Но и тут нас ждало разочарование. Наш любимый первый этаж был переоборудован под выставку Одри Бердслея. Было досадно, потому что всегда приятно вернуться и увидеть любимые картины, и, честно говоря, устраивать выставки за счет постоянной экспозиции, как это делается в Пушкинском просто ужасно. Мы пошли наверх. Честно говоря, я не очень люблю Гогена и Матисса и думаю, что Щукин зря свел с ума свое семейство, развешивая их творения по стенам своего дома на Знаменке, но Коро был прекрасен и спокоен, Роден чувственен, Моне и Ренуар заставили думать, что я уже во Франции, стало тепло и снова захотелось кофе. С.М.Третьяков, как коллекционер, мне больше по душе. Мы посидели на третьем этаже у мрачных картин зимнего Парижа (надо же как-то привыкать к будущему) и пошли вниз.

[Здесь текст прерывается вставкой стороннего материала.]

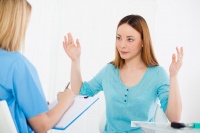 青少年如何培养健康的生活习惯和行为方式？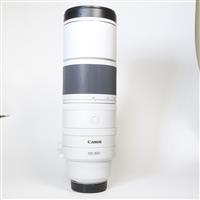 Used Canon RF 200-800mm f/6.3-9 IS USM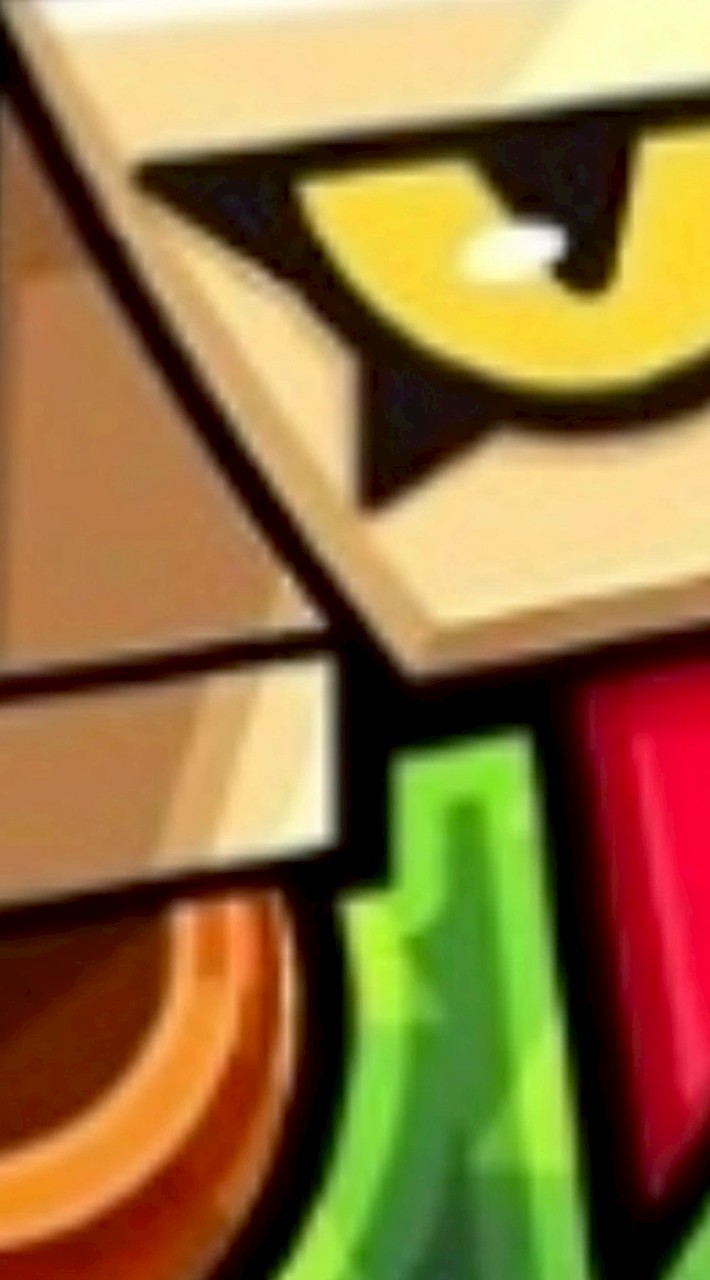 スネークJAPAN ブロトーク🇯🇵🐍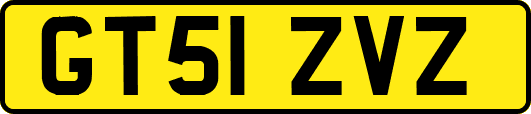 GT51ZVZ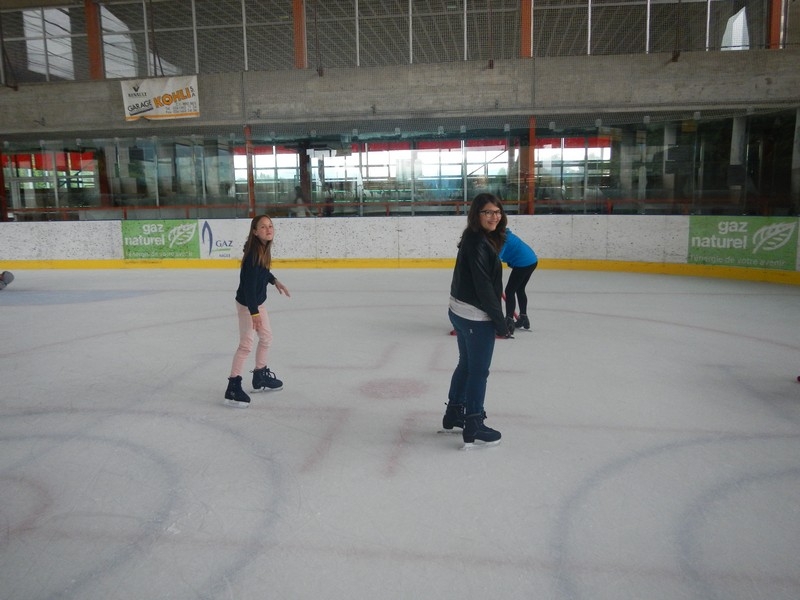 Village Camps International Summer Camp Leysin, Switzerland 2025-08-09 https://www.villagecamps.com/journals_admin/images/679-12-DSCN5624.jpg Village Camps International Summer Camp Leysin, Switzerland 2025-08-09 https://www.villagecamps.com/journals_admin/images/679-12-DSCN5624.jpg
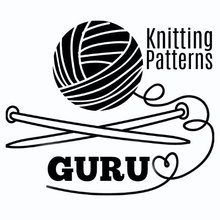 KnittingPatternsGuru Avatar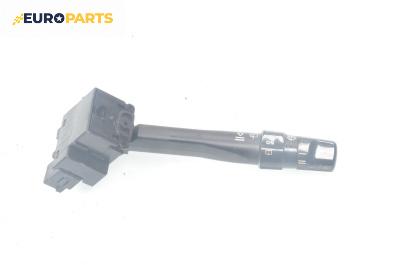 Лостче за чистачки за Honda Civic VI Aerodeck (04.1998 - 02.2001)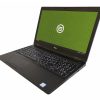 Dell_Latitude_5580_Linux_Mint_Foto (1) Dell Latitude 5580 Linux Mint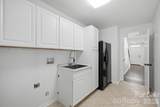 11705 Fiddlers Roof Lane - Photo 17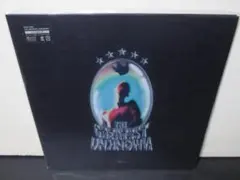 2026年最新】king gnuレコードの人気アイテム - メルカリ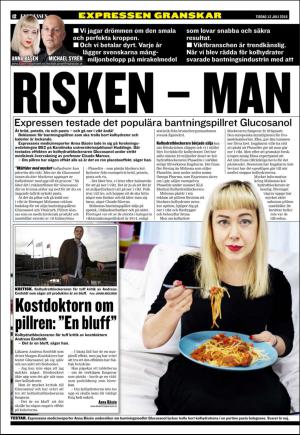 expressen-20160712_000_00_00_012.pdf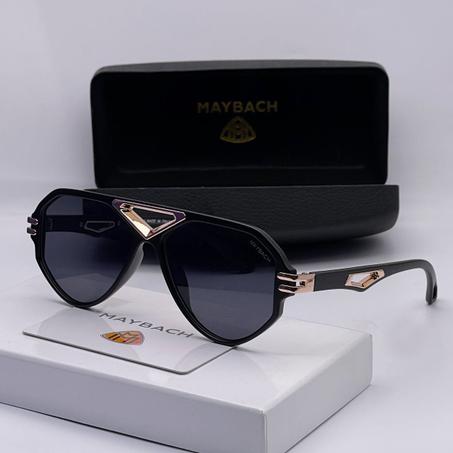 Lunettes homme PSCC 1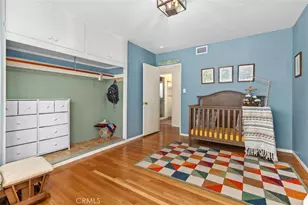 910 E Dalton, Glendora, CA 91741 - Photo 18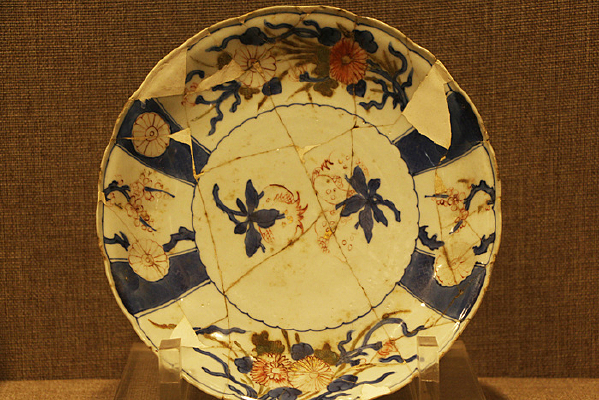 �峯�໨�Ӳ��ļ���������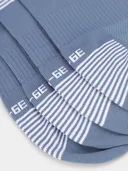 Radder 252401-410 Calcetines Azul Sport 2Pk - 3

Да, мы все-таки зашли на Бердслея. Это была выставка, посвященная его иллюстрациям к "Соломее" Оскара Уальда. Теплые залы с картинами 1890-х годов постоянной экспозиции были поделены на черные и белые полотна. Четкие, витиеватые линии, завораживающие, заставляющие поверить в абсолютное зло. Совсем небольшие гравюры - черное и белое в них не допускает никаких оттенков серого. Это десятые годы любого тысячелетия, когда живопись жизни заменяется двумя цветами - за и против, на черной стороне или на белой, граница тонка и непроходима. В бывшем зале романтизма крутили немое кино, Соломея танцевала и требовала голову Иоанна Крестителя, кажется это был переодетый мужчина. История сделала круг, и чей танец мы видим сейчас, и чья голова окажется на серебряном блюде в следующий раз - все это вопрос нескольких лет. Романтика ушла на покой, только черное и белое, только линия, изгибающаяся, чувственная и неумолимая. Без оттенков.
"Дозаигрывались с Дьяволом..." - говорит мне Лешка и мы уходим.